Annoncé au début de l’été, un plan Logement devrait être présenté en conseil des ministres ce 13 septembre par Jacques Mézard, ministre de la cohésion des territoires. Si le flou subsiste quant à nombre d’orientations du texte, les déclarations d’Emmanuel Macron donnent une tendance. A Toulouse, le 11 septembre, le président de la République a annoncé la mise en œuvre de «tout un travail de diminution de la réglementation, (...) y compris sur des normes qui relèvent de très bons sentiments, qu’elles soient environnementales, sociales, très sociales». Des normes trop contraignantes dans les zones tendues, ce qui appellerait «la mise en place d'un vrai choc d'offres qui ira encore plus loin que la politique nationale». Objectif: libérer du foncier public et privé, réduire les exigences des normes et les délais de recours «parce que ça coûte très cher à tous les projets, ça les ralentit [alors qu’il faut] pouvoir là produire massivement en quelques années».

Foncier trop cher

Grosse fatigue du côté du Cler[1], lassé de ces attaques en règle contre les normes dites environnementales. «La lourdeur administrative n’a pas été inventée avec la prise en compte de l’environnement, soupire Benoît Hartmann, le directeur général du Cler. Trop souvent, simplification rime avec dérégulation. L’absence de normes sur les performances énergétiques dans le bâtiment, ça a débouché sur la construction de passoires thermiques, par exemple. Et construire bien dès le début coûte moins cher que refaire des travaux ensuite.» Au lieu de cela, il faudrait effectivement s’attaquer au foncier trop cher, «faire de la ville partout où ça n’est pas tout à fait de la ville, dans les lisières ou près des habitats morcelés qui ne sont pas attractifs».

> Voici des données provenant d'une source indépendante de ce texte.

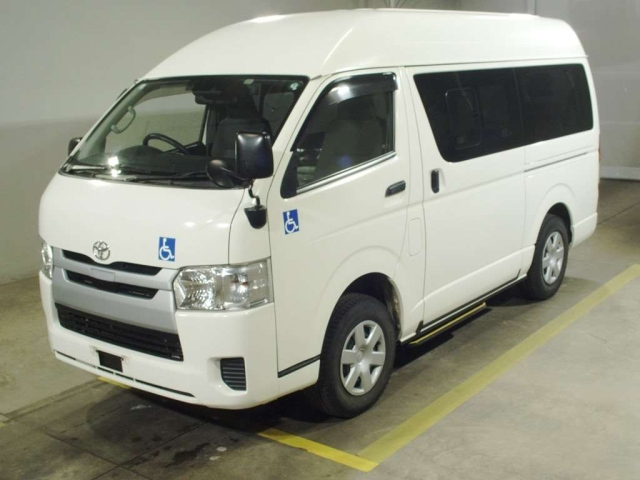 TOYOTA HIACE VAN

Simplifications bienvenues

Réviser des normes dans le bâtiment, pas question? Si, «mais à condition qu’on s’attaque à la méthode, pas à l’objectif», martèle Benoit Hartmann. Raboter l’exigence des 50 kilowattheures par an et par mètre carré, non; mais proposer, pour atteindre cet objectif, d’en passer par d’autres normalisations, «pourquoi pas». Le Cler a même des propositions à faire. Comme la refonte du moteur de calcul développé par le CSTB[2] pour la réalisation d’une étude thermique réglementaire RT 2012. «Il est d’une complexité inouïe et mériterait d’être simplifié», suggère Joël Vormus, directeur adjoint du Cler.

RT 2020 en ligne de mire?

Sur la table également, les enjeux posés par l’expérimentation de la RT 2020, qui ajoute aux exigences thermiques et d’isolation la production d’énergie et l’empreinte environnementale du foyer. «Sans tomber dans la paranoïa, on se doute bien que, derrière ces discours sur la simplification, des secteurs comme l’artisanat ou les promoteurs aimeraient bien amoindrir cette RT 2020 avant son entrée en vigueur [dès 2018 pour les bâtiments publics] Et de conclure que, si baisser les ambitions en matière environnementale dans le bâtiment diminue la facture pour le promoteur, «ce sont toujours les habitants qui en paient le prix via leurs factures énergétiques».

 



[1] Le Cler, réseau pour la transition énergétique, est une association agréée de protection de l’environnement créée en 1984, qui fédère près de 300 structures professionnelles et collectivités locales réparties sur l’ensemble du territoire.